Chris Duarte’s road to the NBA was so rocky that a man of a lesser character would have been floored and quit.
But not Duarte, who traveled thousands of miles and took a detour just to reach his destiny.
There was homesickness he had to fight. There was a language barrier he had to breach. Then fatherhood — a life-altering responsibility — fell on his lap just as when he was about to make his jump from JUCO to a mid-major program in Oregon.
But through all of it, his family and his extended family stuck with him.
“They’ve been there since day one. Their support has been very, very important in my career,” Duarte said on Tuesday during his NBA Draft media availability. I was 16, 17 years old without money, without anything.”
Duarte scrapped and clawed his way from the bottom to get this far, just a few days away from reaching the top basketball league in the world. He remembered when he was at Redemption Christian Academy in rural Massachusets, and he had to borrow phones just to be able to talk to his family back in the Dominican Republic.

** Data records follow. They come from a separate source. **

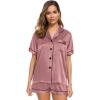 image:imageSWOMOG Womens Silk Satin Pajamas Set Short Sleeve Sleepwear Button Down Top and Shorts Loungewear 2 Piece Pjs Set XS3XLMisty Rose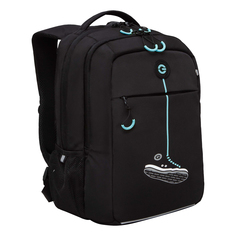 Рюкзак GRIZZLY с карманом для ноутбука, анатомический RB-456-6/4 черный, небесный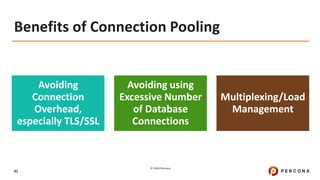 © 2020 Percona.
41
Benefits of Connection Pooling
Avoiding
Connection
Overhead,
especially TLS/SSL
Avoiding using
Excessive Number
of Database
Connections
Multiplexing/Load
Management
 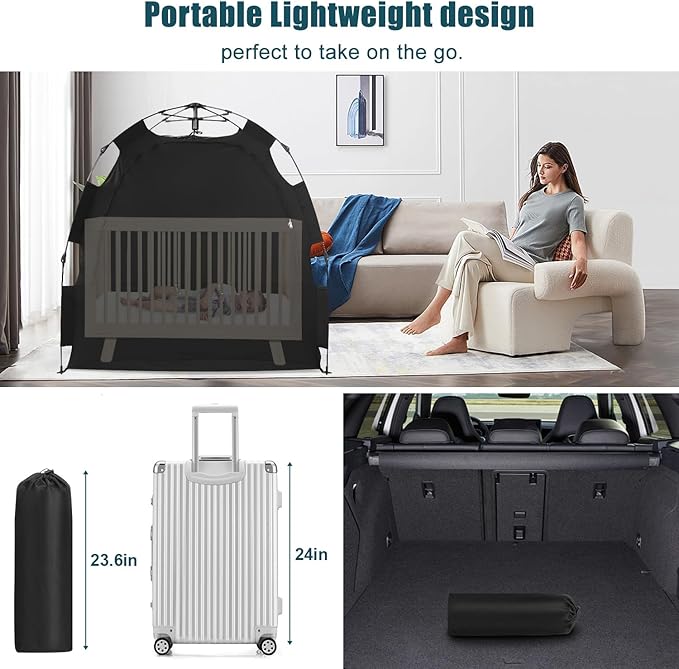 Blackout Tent for Pack N Play: Portable Baby Sleep Pod with 1-Click Setup, Mini Crib Cover with Monitor and Fan Pouches, Blocks 95% of Light, Travel Crib Canopy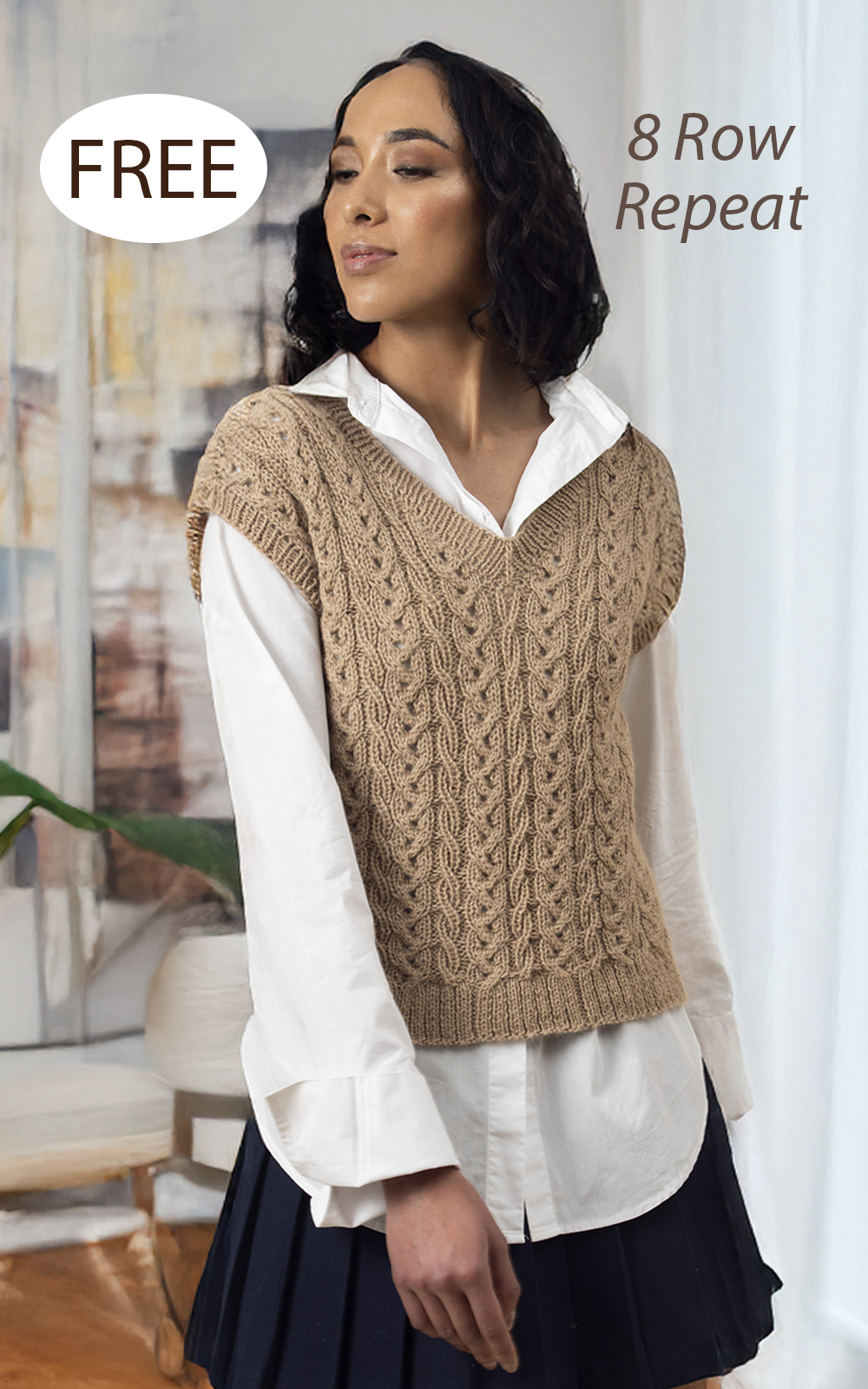 Free Sweater Knitting Pattern Ariana Cabled Vest
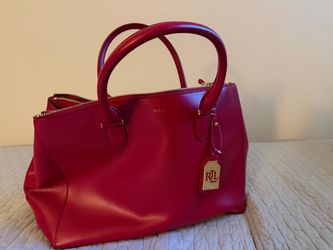 Lauren Ralph Lauren Red Leather Tote Bag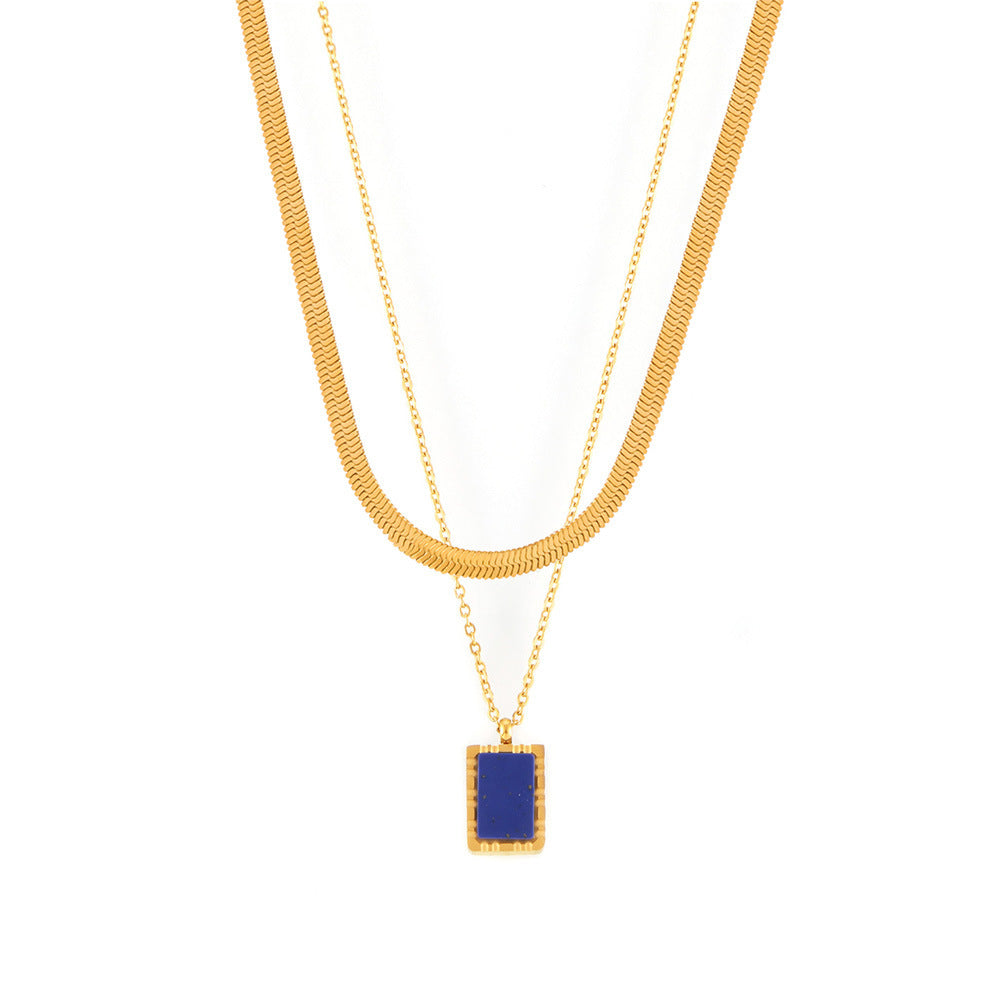 Natural Blue Lapis Lazuli Geometric Abstract Square Plate Clavicle Chain Titanium Steel Plated 18K Gold Stacked Necklace for Women - Wanita Store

“My family’s support was really important. The phone calls never stopped. Every day, I got a phone call from somebody in the family. I’m coming from a very, very tight family. My mom talks to me, giving me advice, telling me life is not easy. You’re gonna go through a lot. You’re gonna go through life’s ups and downs and you got to keep your head up and fight through it,” Duarte said.
“My brother from Canada sends me money sometimes. Not a lot. A hundred bucks but it were already good for me to take care of myself over there at my high school,” he added.
Duarte had to learn the English language. All alone in a foreign land, he had to work hard for every opportunity. He spent two years in Northwest Florida State College. He led them to two straight Elite Eighth appearances and was a JUCO Player of the Year in his sophomore year that became his ticket to transfer to University Oregon in the Pac-12 Conference.
That’s when he got his Puerto Rican girlfriend pregnant.
“My girlfriend’s parents — when they found out we were having a baby — they told me to ‘go back to school and do what you gonna do. Finish school and then you take care of your family. We got you.’ That was big for me in my career. I couldn’t be here without them,” said Duarte.
With new motivation, Duarte was determined not to waste his golden opportunity. He showed out big time at Oregon and became one of the country’s top sharpshooters. Over his two years with the Ducks, he shot 38 percent from the three-point range peaking at 42.4 percent during his senior season.
Duarte is one of the most-ready made prospects in this draft class.
“I’m 24 years old,” Duarte told teams who worked him out. “If you want to win right now, go ahead and take me. If you want to win six or eight years later, go ahead and draft an 18-year-old kid and develop him.”
It was a confident pitch that he backed up with his solid play on the court as a two-way player. His stock has dramatically risen even after deliberately missing the NBA Draft Combine in Chicago last month. The mystery he created had intrigued lottery teams such as Oklahoma City Thunder (6th, 16th, and 18th), Golden State Warriors (7th and 14th), Charlotte Hornets (11th), San Antonio Spurs (12th). The Washington Wizards (15th) and the New York Knicks (19th, 21st) are on the outside looking in.
The Warriors loom to be his favorite landing spot after bringing him into a second workout last week. But the Knicks are reportedly looking to trade up, possibly to snag him.
The Knicks brought him for a solo workout last week that went great, according to Duarte himself.
“I met with the front office, Wes [William Wesley], Leon [Rose], those guys. The workout went great,” Duarte said. “I got better in the workout. I really enjoyed my time there. They want to know me off the court to see the person I am. They know what I [did] on the court in my two years at Oregon.’’
Duarte’s successful navigation of the challenging route he took to the NBA greatly appealed to the Knicks. He fits the Knicks’ culture and timeline.
“We’ll see what happens,” Duarte said. “My goal is to play in the NBA and stay there for a long time. So we’ll what happens. I like the Knicks. I like Golden State. So we’ll see what happens.”
He had a great talk with the Knicks brass, especially with Thibodeau, who gravitates to tough, high-character players like Duarte. It seems they have mutual interests.
“They’re a good team. They had a great season last year. Again, I can’t control where I’m going. It’s up to them. The Knicks are a great team. And we saw it last year,” he said. “Me and coach (Thibodeau) had a great talk. I know the way he wants his team to play. That’s the way I like to play, too.”
“He likes pushing the ball, playing hard offensively and defensively. That’s the way I play. That’s the way we play in Oregon. He’s a great coach and he’s the kind of coach I want to play for. But at the end of the day, I cannot control that. It’s up to the teams.”
Duarte’s unlikely and challenging path to the NBA is what he hopes becomes an inspiration to the younger generations in the Dominican Republic.
“I’m very proud to represent DR. Not a lot of kids make it out. Just me, being one of them, being on the biggest stage of basketball, it means a lot to me and my people and my country,” Duarte said.
And it will be more memorable if he ends up in New York, where it has a slice of life back home. Manhattan’s ‘Little Dominican Republic’ will be proud to have one of their own play for the home team.
“It will be great. New York has a big Dominican Republic population. I know I will have their support here. I know that it’s going to go crazy if I end up in New York,” Duarte said. “We’ll see what happens.”